Google's grounding pipeline extracts chunks of ~15 words. Every H2 or H3 on your page should be a question or a topic. The first sentence underneath should be the direct answer in plain prose — entity, answer, qualifier. Save the build-up for the second paragraph. This is the single highest-ROI structural change most B2B content teams haven't made yet.

4. Add the three things that the Princeton paper proved move citations

Statistics. Source citations. Direct quotes. The KDD '24 paper put the combined effect at up to a 40% lift across generative engines. Almost no other tactic has comparable peer-reviewed evidence. If you do one optimisation pass on existing pages this quarter, do this one.

5. Take YouTube seriously

The 0.737 correlation isn't accidental and it isn't an artefact of Google owning YouTube — it shows up in ChatGPT visibility too. If your category has video creators talking about it, you want to be in those conversations: through your own channel, through partnerships, through being the brand creators reach for when they need an example. Transcripts get indexed; descriptions get indexed; both feed AIO.

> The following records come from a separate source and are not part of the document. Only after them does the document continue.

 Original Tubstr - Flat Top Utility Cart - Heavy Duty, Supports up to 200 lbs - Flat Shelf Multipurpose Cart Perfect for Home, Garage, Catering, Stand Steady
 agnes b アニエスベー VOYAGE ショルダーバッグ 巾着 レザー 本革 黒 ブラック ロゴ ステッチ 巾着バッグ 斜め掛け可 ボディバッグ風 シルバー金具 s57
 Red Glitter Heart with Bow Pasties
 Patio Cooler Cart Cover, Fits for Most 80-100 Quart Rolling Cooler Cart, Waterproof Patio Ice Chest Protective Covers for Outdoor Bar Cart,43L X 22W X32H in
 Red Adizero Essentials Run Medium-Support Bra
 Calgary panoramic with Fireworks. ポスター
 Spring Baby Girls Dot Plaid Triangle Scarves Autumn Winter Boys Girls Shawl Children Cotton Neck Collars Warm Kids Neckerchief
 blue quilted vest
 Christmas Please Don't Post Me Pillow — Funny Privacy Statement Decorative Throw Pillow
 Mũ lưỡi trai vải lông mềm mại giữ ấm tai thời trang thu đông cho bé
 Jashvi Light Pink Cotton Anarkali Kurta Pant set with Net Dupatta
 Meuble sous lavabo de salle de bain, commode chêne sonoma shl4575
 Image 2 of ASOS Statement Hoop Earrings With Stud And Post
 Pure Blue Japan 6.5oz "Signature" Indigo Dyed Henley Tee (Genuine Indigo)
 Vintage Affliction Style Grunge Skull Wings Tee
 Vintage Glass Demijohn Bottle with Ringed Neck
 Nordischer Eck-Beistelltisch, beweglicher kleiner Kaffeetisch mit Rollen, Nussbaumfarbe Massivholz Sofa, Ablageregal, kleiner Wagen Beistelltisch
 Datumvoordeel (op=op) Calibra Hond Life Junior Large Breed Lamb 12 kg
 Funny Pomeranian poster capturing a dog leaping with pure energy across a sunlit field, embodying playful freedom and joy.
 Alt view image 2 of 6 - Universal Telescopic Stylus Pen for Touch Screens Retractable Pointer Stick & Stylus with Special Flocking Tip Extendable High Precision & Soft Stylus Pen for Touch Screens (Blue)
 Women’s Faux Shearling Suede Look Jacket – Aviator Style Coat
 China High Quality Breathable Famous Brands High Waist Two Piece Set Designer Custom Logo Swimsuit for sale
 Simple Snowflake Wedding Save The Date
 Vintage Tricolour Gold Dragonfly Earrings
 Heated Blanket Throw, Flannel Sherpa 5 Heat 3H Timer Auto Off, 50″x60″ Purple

6. Build for vertical context, not generic best practice

The BrightEdge vertical data is the most underused finding in the whole discourse. If you're in health, education or insurance, organic rank is doing two-thirds or more of the work — protect and grow your top-10 positions. If you're in retail, B2B SaaS or category-discovery content, organic rank is doing a fifth — invest in pillar depth, YouTube, and brand mentions before you spend more on link building. The same playbook doesn't fit both.

The honest summary

AI Overviews and AI Mode are running a fan-out, grounding-budgeted, sentence-level citation pipeline. Pages get into AI answers by:

containing the cleanest 15-word answer to one of the sub-queries Google generated;
being part of a broad, deep page that answers many adjacent sub-queries;
presenting that answer with statistics, sources and quotes that pass the model's snippet-extraction step;
belonging to a brand the web is already discussing — including on YouTube;
and, in YMYL verticals, ranking organically in the top 10.

What stops working: chasing single-keyword rank, padding word counts, relying on backlinks alone, building flat catalogues of narrow posts, and assuming what works in one vertical works in another.

The good news for teams willing to take the data seriously: the field is still young enough that consistent, evidence-led work compounds. The teams winning AIO visibility in May 2026 aren't doing twelve different things. They're doing five of the right things, every quarter, in the right order.